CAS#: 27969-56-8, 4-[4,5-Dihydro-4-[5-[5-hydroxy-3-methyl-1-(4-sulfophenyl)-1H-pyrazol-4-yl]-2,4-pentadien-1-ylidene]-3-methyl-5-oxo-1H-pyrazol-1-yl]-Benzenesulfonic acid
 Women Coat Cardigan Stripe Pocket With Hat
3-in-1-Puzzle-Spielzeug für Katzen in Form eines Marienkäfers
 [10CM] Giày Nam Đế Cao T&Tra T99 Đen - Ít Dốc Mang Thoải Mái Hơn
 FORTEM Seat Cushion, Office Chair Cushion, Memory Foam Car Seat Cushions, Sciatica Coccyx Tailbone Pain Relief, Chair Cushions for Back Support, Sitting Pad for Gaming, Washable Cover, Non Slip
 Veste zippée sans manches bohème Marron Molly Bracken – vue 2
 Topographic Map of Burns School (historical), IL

┄┄┄┄┄┄┄┄┄┄┄┄┄┄┄┄┄┄┄┄

**EXERCISE:** Word for word, reproduce all of the material shown above.

**SOLUTION TO THE EXERCISE:**
CAS#: 27969-56-8, 4-[4,5-Dihydro-4-[5-[5-hydroxy-3-methyl-1-(4-sulfophenyl)-1H-pyrazol-4-yl]-2,4-pentadien-1-ylidene]-3-methyl-5-oxo-1H-pyrazol-1-yl]-Benzenesulfonic acid
 Women Coat Cardigan Stripe Pocket With Hat
3-in-1-Puzzle-Spielzeug für Katzen in Form eines Marienkäfers
 [10CM] Giày Nam Đế Cao T&Tra T99 Đen - Ít Dốc Mang Thoải Mái Hơn
 FORTEM Seat Cushion, Office Chair Cushion, Memory Foam Car Seat Cushions, Sciatica Coccyx Tailbone Pain Relief, Chair Cushions for Back Support, Sitting Pad for Gaming, Washable Cover, Non Slip
 Veste zippée sans manches bohème Marron Molly Bracken – vue 2
 Topographic Map of Burns School (historical), IL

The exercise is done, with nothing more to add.